Pull out every line below that contains the word "with".

(Saved data entries)
^^^^^^^^
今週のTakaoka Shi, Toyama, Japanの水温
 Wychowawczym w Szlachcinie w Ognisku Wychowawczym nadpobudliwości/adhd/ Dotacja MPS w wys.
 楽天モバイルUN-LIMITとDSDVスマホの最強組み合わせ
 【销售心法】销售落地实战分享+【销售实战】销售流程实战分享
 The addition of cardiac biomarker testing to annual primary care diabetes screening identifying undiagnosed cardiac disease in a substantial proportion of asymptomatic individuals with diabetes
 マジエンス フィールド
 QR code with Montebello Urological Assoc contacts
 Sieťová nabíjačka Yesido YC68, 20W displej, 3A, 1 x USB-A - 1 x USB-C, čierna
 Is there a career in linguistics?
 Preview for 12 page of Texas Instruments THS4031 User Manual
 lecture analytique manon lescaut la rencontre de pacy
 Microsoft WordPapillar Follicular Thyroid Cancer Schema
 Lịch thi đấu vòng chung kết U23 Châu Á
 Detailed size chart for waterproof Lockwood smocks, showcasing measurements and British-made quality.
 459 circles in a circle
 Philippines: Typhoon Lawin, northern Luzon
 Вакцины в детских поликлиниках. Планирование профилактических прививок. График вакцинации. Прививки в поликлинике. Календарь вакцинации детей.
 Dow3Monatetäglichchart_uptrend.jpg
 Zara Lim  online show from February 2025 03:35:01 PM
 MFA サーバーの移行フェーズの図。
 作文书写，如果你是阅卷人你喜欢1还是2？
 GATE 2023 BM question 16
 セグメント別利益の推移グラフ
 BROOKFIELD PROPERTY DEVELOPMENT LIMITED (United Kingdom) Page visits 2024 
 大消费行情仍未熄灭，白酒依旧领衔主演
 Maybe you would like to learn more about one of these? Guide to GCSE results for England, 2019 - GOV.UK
^^^^^^^^
■ **Answer to this task**:
 The addition of cardiac biomarker testing to annual primary care diabetes screening identifying undiagnosed cardiac disease in a substantial proportion of asymptomatic individuals with diabetes
 QR code with Montebello Urological Assoc contacts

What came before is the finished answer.